11月は、建設関連や観光産業などが押し上げ要因となったほか、半導体向け需要の増加もプラス材料だった。また、冬物が動き出したことでアパレル小売は大きく上向いた。ただし、家計の節約志向は高く家電や自動車など耐久消費財の販売が不調だった。さらに、人手不足や原材料価格の高騰なども下振れ材料となった。
< 今後の見通し : 底堅く推移 >
今後は、個人消費の動向が最も重要なポイントとなり、冬季賞与など実質賃金の継続的な上昇が消費意欲の持続に直結する。さらに、金利や為替レート、株価、税制の見直しなども注視する必要があろう。プラス要因としては、観光産業の伸長や人手不足に対応する設備投資の拡大、リスキリングの浸透が労働市場の効率性を向上させる可能性がある。さらに生成AIの普及や半導体の需要拡大による技術革新は成長のけん引役となる。マイナス要因では、物流コストの上昇やインフレの進行が企業の収益を圧迫し、消費者の購買意欲を削ぐ要因となりうる。また、米新大統領の経済政策や中東情勢などはリスク要因である。今後の景気は、底堅く推移していくと見込まれる。
業界別:10業界中6業界で改善、『建設』『サービス』などが押し上げ要因に
『建設』『サービス』など6業界が改善。工事関連や都市再開発などが好材料となり、運輸関連にも波及した。加えて、インバウンド需要ほか季節需要の動き出しもプラスに働いた。他方、原材料価格の高止まりや不安定な気候などは下押し材料だった。

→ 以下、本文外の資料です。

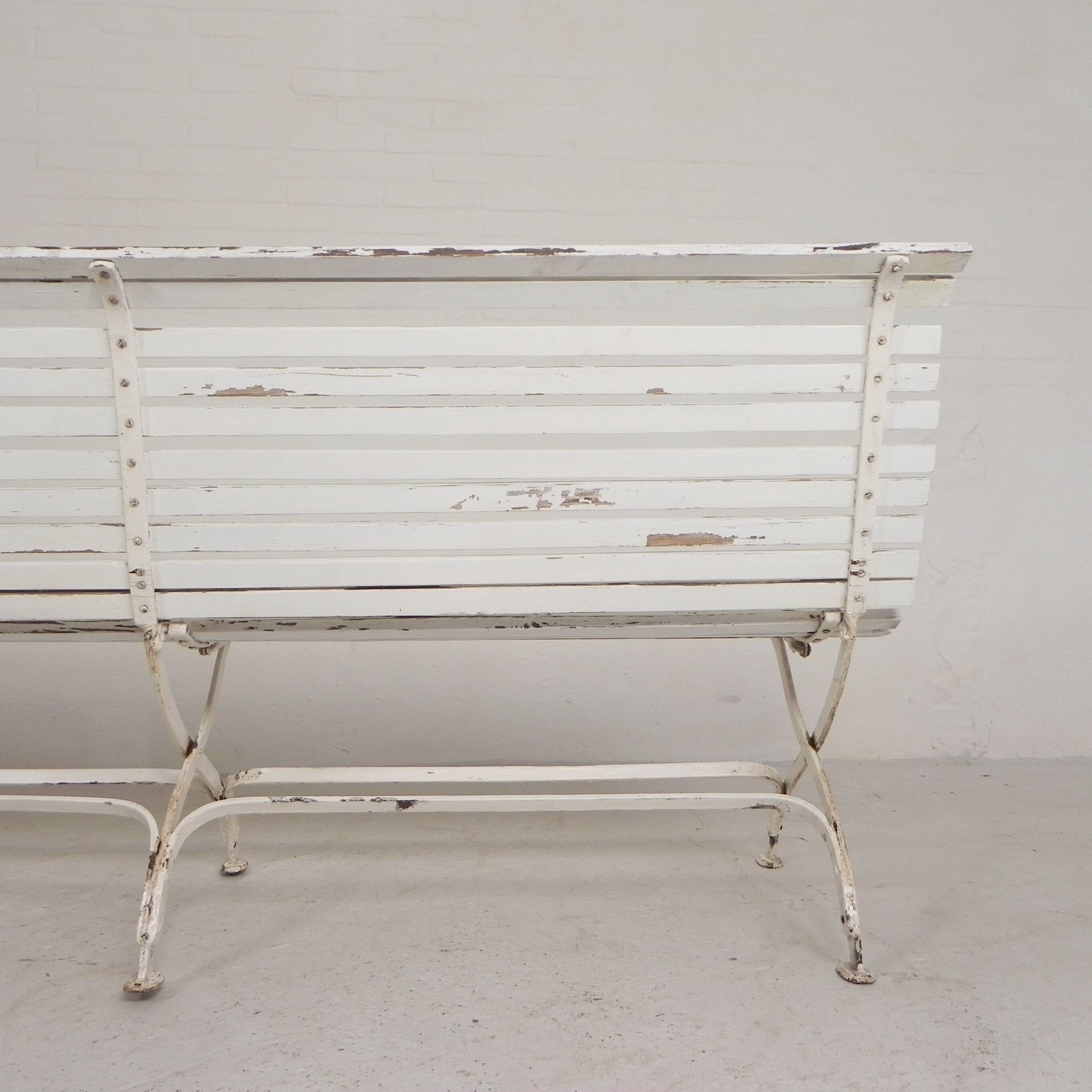Garden bench, slatted bench, folding, 2 metres long, 1930s.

・『建設』(48.1)…前月比0.3ポイント増。2カ月ぶりに改善。防災・災害復旧工事などが押し上げ要因となったほか、ホテルの新規出店や関連した設備投資、再エネ関連が好調といった声が聞かれた。加えて、半導体工場などの大規模開発や大都市圏での再開発などは引き続き好材料となった。他方、資材価格や人件費の高騰、職人不足、低調な戸建て着工戸数の推移などは悪材料としてあげられた。
・『サービス』(49.9)…同0.1ポイント増。2カ月ぶりに改善。好調なインバウンドほか国内旅行や出張需要も押し上げ要因となり「旅館・ホテル」(同3.1ポイント増)は3カ月連続で改善し、60台へ回復。忘年会なども行われ始め「飲食店」(同1.3ポイント増)は、3カ月ぶりに上向いた。また、IT投資意欲は継続して旺盛といった声もある「情報サービス」(同0.3ポイント増)は、エンジニア不足などあるなか3年2カ月連続で50以上を維持している。他方、節約志向や屋外レジャーを中心に不安定な気候が悪材料となり「娯楽サービス」(同2.1ポイント減)は2カ月連続で落ち込んだ。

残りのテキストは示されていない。